He says that, apart from the salaries and contributions of employees, the tax on oil consumption and two percent of the gold and copper obtained, there is no other share in Macedonia’s GDP.

“This, calculated according to the data given in the Euromax study, will amount to 0.2% of Macedonia’s GDP, while agriculture makes up 10% of GDP and employs 100,000 people. Open-cast mines are being opened in desert areas, uninhabited areas, and never ever in agricultural regions, forest areas, freshwater and groundwater sources, tourist destinations,” Nakov explains.

On the other hand, from a scientific perspective, the professor of the Goce Delcev University in Stip, Dejan Mirakovski, claims that with today’s technology mines do not have to cause environmental pollution, which should be explained in detail to the citizens.

“Particle emissions from future coal and associated processes are elaborated in detail in the Environmental Impact Assessment Study, developed by renowned international consultants. This document has a special appendix describing the assessment procedures, the current air quality in the project area and the expected impact of the planned activities. Models show negligible impact on air quality, both directly on the mine, and in a wider area affected by mining operations, without exceeding the value of any pollutant,” Mirkovski explains.

Another independent expert in this field, Professor Blagoj Golomeov, says that the technological process in the Ilovica-Štuka mine, designed to enrich useful mineral components in the form of copper concentrates with gold content, is a process of flotation concentration with a wide international application.

“Since this is a mono-mineral raw material, the applied reagent regime is very simple and with a small number of components. This process consists of the concentration of useful minerals, copper carriers, whereby the chemical composition of the mineral resource does not change at all. In principle, the reagent regime consists of adding xanthates (collectors) and slaked lime. Xanthate is almost entirely absorbed on the surface of useful mineral grains. In this way, their bonding to the air bubbles created in the pulp by injection of air is allowed, and as the complex air bubble-mineral grain flows onto the surface of the flotation cell, it is converted into a concentrate with enriched copper content, which is the final product being transported in a copper smelter,” Golemov explains.

He adds that water recirculation is necessary, since about 23 million cubic meters of water is needed for about 10 million tons of ore per year.

„It is impossible and unprofitable to purchase such amount of fresh water every year. Therefore, the process is designed to avoid any discharge of water into the environment and to allow recirculation. Only three million cubic meters of water will be used annually. This amount of water will annually remain in the tailings of the tailings pond,” professor explains.

He says that such a technological process for copper concentration is the most widespread internationally.

“Only in the immediate neighbourhood we have Bor and Majdanpek in Serbia, with a capacity of 20 million tons per year, Elacite in Bulgaria with 40 million tons a year, etc.,” Golemov says.

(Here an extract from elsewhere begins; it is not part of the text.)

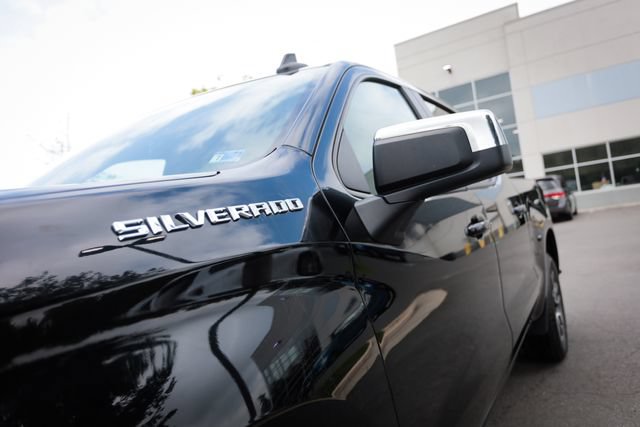 Used 2023 Chevrolet Silverado 1500 LT AWD/4WD image 18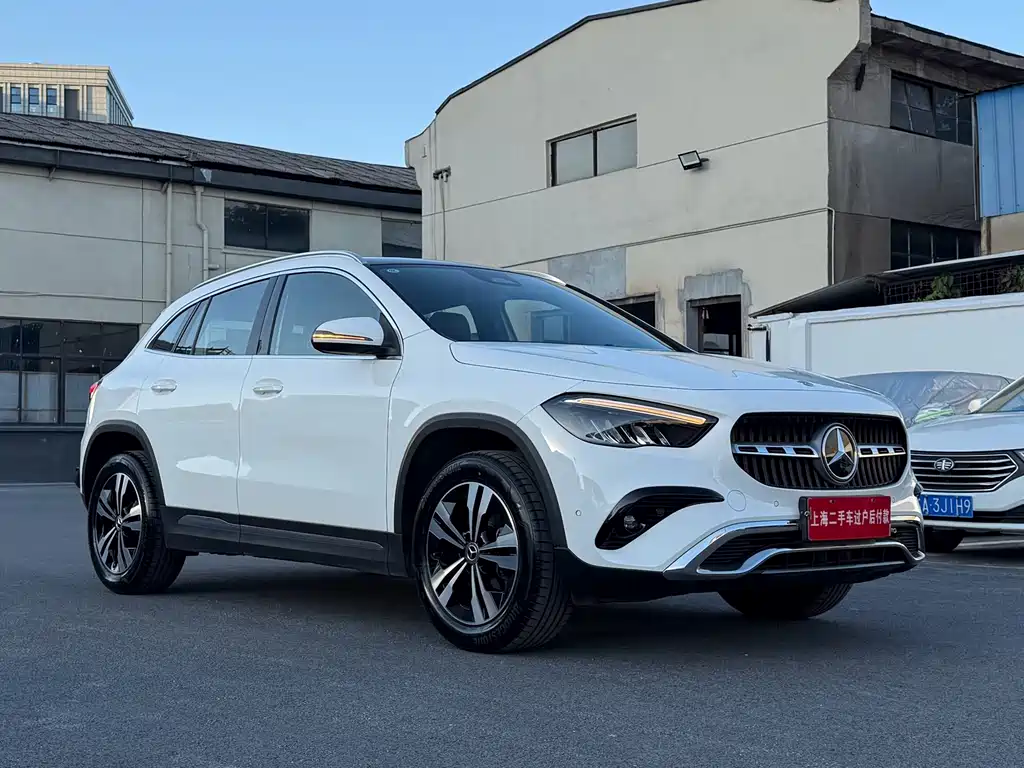 Mercedes-Benz GLA 2024 — фото 3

The professor of the Faculty of Civil Engineering in Skopje, Ljupco Petkovski, spoke about the problem of the dam. He says that the dam has a cross-section in the form of a trapeze, meaning that there is no vertical wall similar to the concrete dams.

According to the International Dam Commission, around 60,000 dams are registered in the world, although the number of dams built is much higher. These are structures with the highest level of reliability. It is more likely that the Vodno Mountain will fall on Skopje than that the Stuka dam will collapse.

He added that the dam is a structure used for storing waste stone from the mine.

Greece can (not) do without Eldorado

Two gold mines in Halkidiki, Greece, have been a subject of a heated discussion between tourism officials and representatives of the mining industry, but also a cause for mass demonstrations and even violent protests, which will end in court.

The little Greek city of Jerisos is a centre of protest against the Canadian company Eldorado, which owns two mines in the vicinity, Skoruies and Olympias.

Conflicts caused by the coal mines started in 2012, in the wake of the Greek debt crisis. A year later, police used extraordinary force during local protests against gold mines. Tensions peaked in November 2017 when Eldorado threatened to withdraw all of its Greek investments, before entering into arbitration with the Greek Government for its mining activities. In the meantime, legal proceedings have been initiated against 450 activists.

The dispute centres on the metal production technique, professionally called Flash-Smelting. Thanks to this process, gold is obtained from crude material, but the raw material contains arsenic. “Flash-Smelting is suitable for raw materials with a small amount of arsenic. In the case of these mines, the concentration of arsenic amounts to more than nine percent,” the physicist Amyi Kadoglu explained for DW.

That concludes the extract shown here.